Tuesday, January 1, 2019

Top Dozen of 2018!

I have no idea why this didn't post automatically on January 1 as it was supposed to.  My apologies for not double-checking.

Every year I do this, draw up a list of my dozen best.  Given the amount of wonderful theatre I get to see, some rules became necessary.  First, no two shows from the same theatre company.  Second, I limited myself to actual plays, rather than (for example) dance performances.  This year I faced a dreadful choice between two plays by the same writer who is a friend of mine!  

The Flu Season (Pico Playhouse) was an exquisate poem of a play, about people who meet and feel and try to endure what they have or have not said, done. felt.  When you see as much theatre as I do, frankly any play that keeps you guessing as this does, while continuing to make sense, is a treasure.  That all this surprise surrounds so many fundamental human issues, tricky ones, the might have beens that haunt us, helps make this a very special show, brought to life by an ensemble that moved me in so very many ways.
Romeo and Juliet (Vagrancy)  Why does Juliet fall for Romeo.  In answering this question, the Vagrancy's production makes this centuries-old play extremely topical for our specific day and age.  For that reason I'm sure some audience members were offended.  But to me, the entire company created a world for the play which echoed our own in some terrible, tragic ways.  This ended up the best production of this play I've yet seen.

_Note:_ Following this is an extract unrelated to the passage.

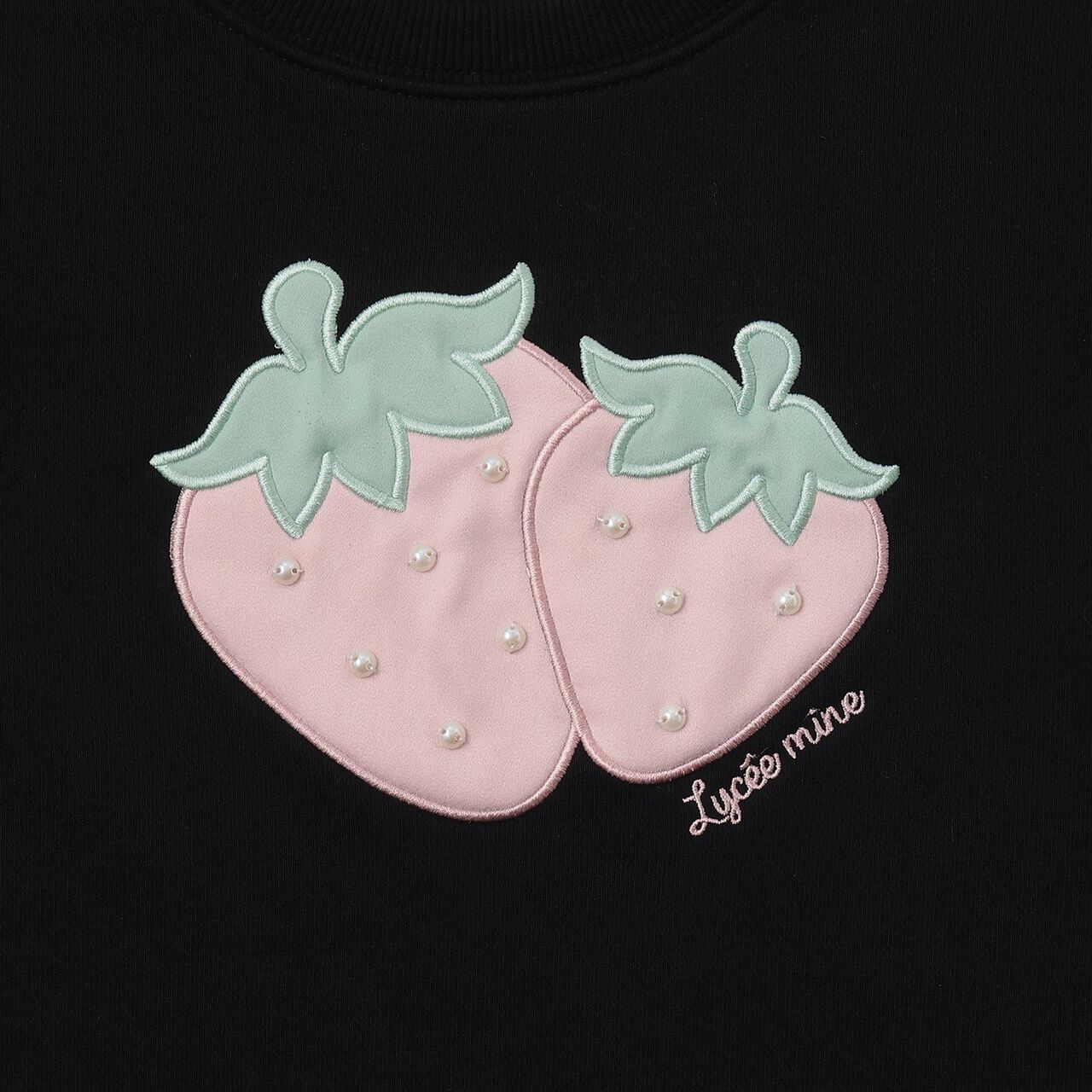 Quick-Dry Fleece Strawberry Appliqu&eacute; Sweatshirt,Black, large image number 10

Native Son (Antaeus)  Another topical work, one which has sparked quite a bit of controversy amid my circle of friends.  Some lifted their eyebrows as this milky white dude reviewed a play based on this classic African American novel.  Others were upset at the liberties taken with the novel's story.  Some found the central character (understandably) repellent.  I certainly did.  But--and here is what puts this production on my list--as disgusting as I found that young man's actions, I grew to understand the why of them.  In seeing and knowing the shaping of his paranoia, his myopia, his desperation--and also realizing fundamentally he was far from the only person so shaped--I came to stunning realization.  Namely, that I am a monster.  In this society, even moreso in the era of the play, my white skin makes me a creature of whimsical and vast power.  It changed me by revealing a truth.  What more is Art for?

The Woman Who Went to Space as a Man (Son of Semele) may be the most original work on this list--a musical taking place inside the mind of a real science fiction author, a woman who pretended to write her works as a man.  What we saw on stage was an Odyssey with a female Odysseus confronting all the most important people of her life, up to and including many aspects and avatars of herself.  This theatre company, which put on the single best piece of theatre I have ever seen a few years ago, once again wowed and shook and moved me to center of my heart.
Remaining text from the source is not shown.